**WHAT YOU HAVE TO DO**
Print the data below again in full, exactly as it stands, with no images.

**RECORDED INFORMATION**
++++++
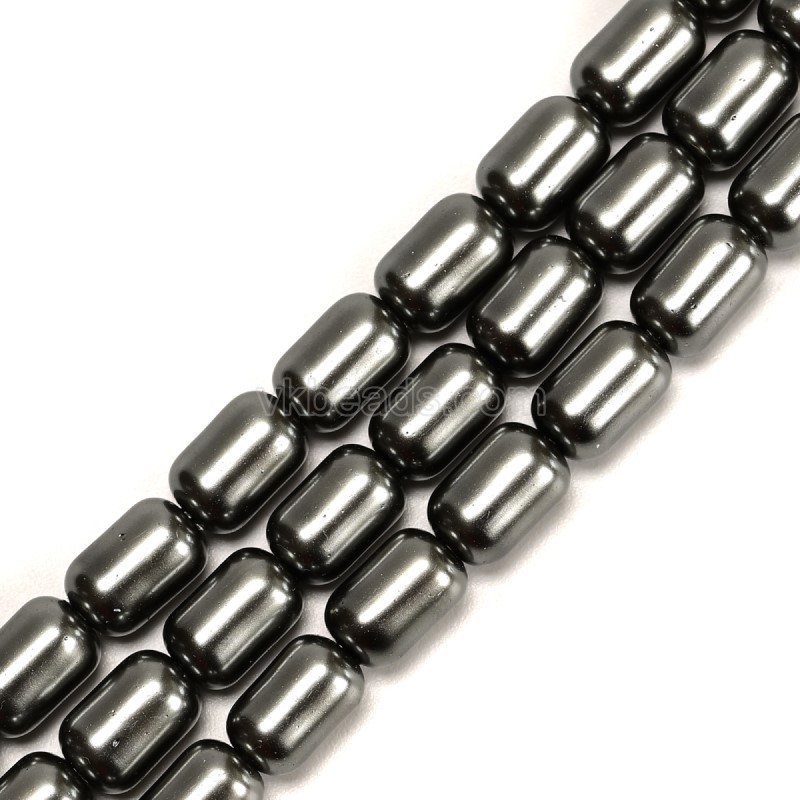 Dark Grey Glass Pearl Smooth Barrel Drums, Approx 6x9mm, 38cm/strand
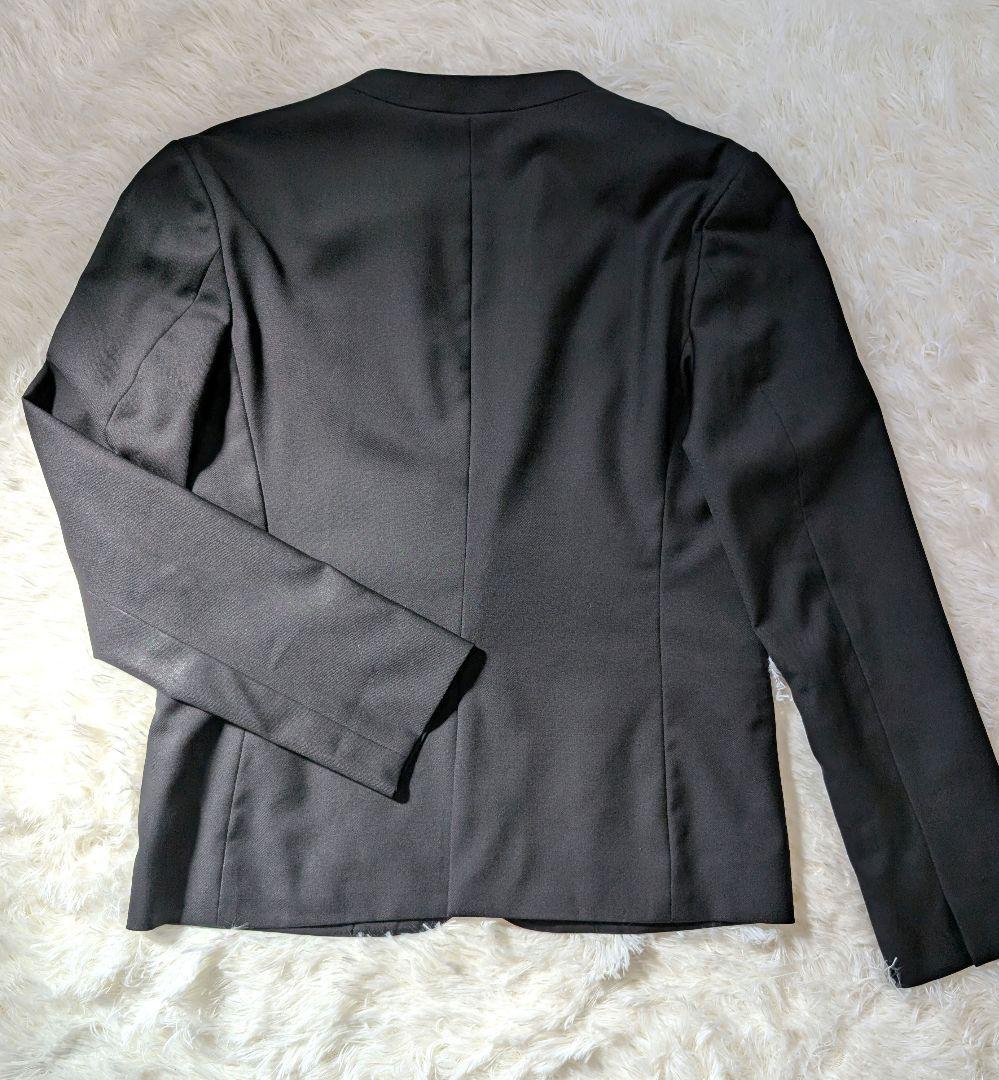 KASHIYAMA ノーカラー パンツ スーツ ブラック シングル ブレスト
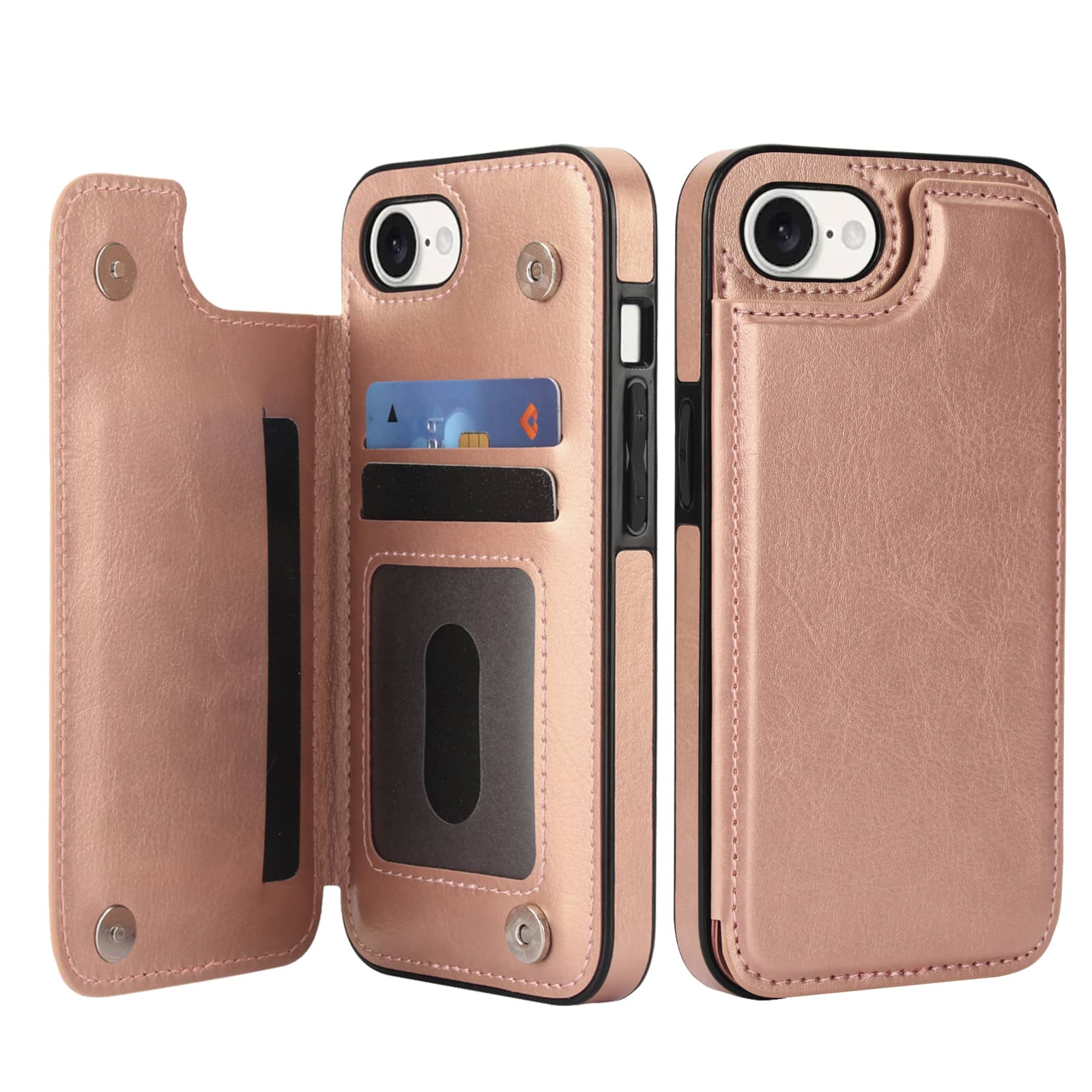 For iPhone 16e Wallet Case With Card Holder, PU Faux Leather Kickstand Card Slots,Double Magnetic Clasp Durable Cover: Pink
++++++
**RESPONSE BELOW**
 Dark Grey Glass Pearl Smooth Barrel Drums, Approx 6x9mm, 38cm/strand
 KASHIYAMA ノーカラー パンツ スーツ ブラック シングル ブレスト
 For iPhone 16e Wallet Case With Card Holder, PU Faux Leather Kickstand Card Slots,Double Magnetic Clasp Durable Cover: Pink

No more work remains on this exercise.